She will be the first African-American to appear in any currency or bill in United States’ history.
She was famed for rescuing a lot of African slaves by purchasing their freedom during the era of slavery in the ugly era of American history. She made the famous quote of “I would have rescued more slaves if at all they accepted that they were slaves”.
By Maya Rohdan @m_rohdan
The Treasury Department announced Wednesday that Alexander Hamilton will stay on the $10 bill, but abolitionist hero Harriet Tubman will replace Andrew Jackson as the portrait on the $20 bill.
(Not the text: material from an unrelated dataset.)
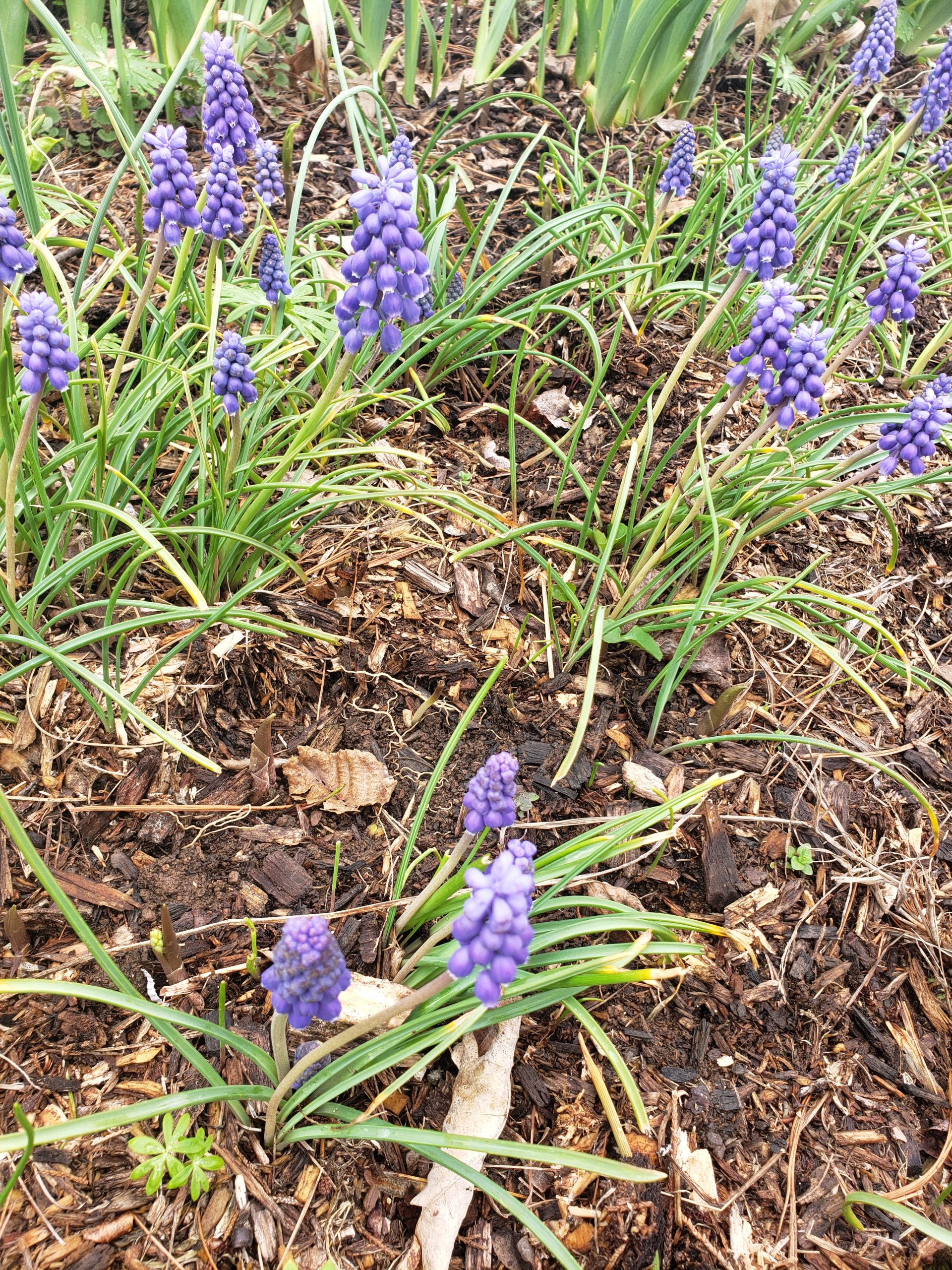 Spring Flowers of the PA Highlands 3 Native Ephemerals and 2 Flashy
The Department plans to unveil designs of the $5 bill, $10 bill, and $20 bill in 2020, in honor of the 100th anniversary of the 19th Amendment. As TIME reported last week, the timing on the production of the $20 bill is up in the air. Though the designs will be unveiled in 2020, the bills will enter circulation sometime later, with the $10 bill coming first. Because all of the bills will feature tactile changes to aide the blind, changes could take a significant amount of time.
On Wednesday, Secretary Lew said he has instructed the Bureau of Engraving and Printing and coordinated with the Federal Reserve to accelerate the process. Lew said there are two things he and the Chair of the Federal Reserve agree on: “we can’t compromise security and we have to work as quickly as possible,” he said.
Though Hamilton is staying on the front of the $10 bill, an image of multiple women’s suffragists including Lucretia Mott, Sojourner Truth, Susan B. Anthony, Elizabeth Cady Stanton, and Alice Paul, will appear on the back. Andrew Jackson will also remain on the $20 bill, he’ll just be moved to the back.
Treasury Secretary Jack Lew announced last June that a woman would appear as portrait of the bill, though over the course of 10 months—following public input and some intense lobbying efforts by various groups—his thinking changed. “For me, personally, there was an aha moment in July when it became clear that going bigger would give us the ability to tell more stories,” Lew said Wednesday.
Secretary Lew and Treasurer Rosie Rios, who has been working to get a woman on the currency since she arrived at the Treasury Department, said Wednesday the decision to place Harriet Tubman on the front of the currency was an easy one.
“The life of Harriet Tubman is really one of the greater American stories,” Lew said. “I think it’s a story that reflects both American values and American democracy, but also the power of an individual to make a difference in our democracy.”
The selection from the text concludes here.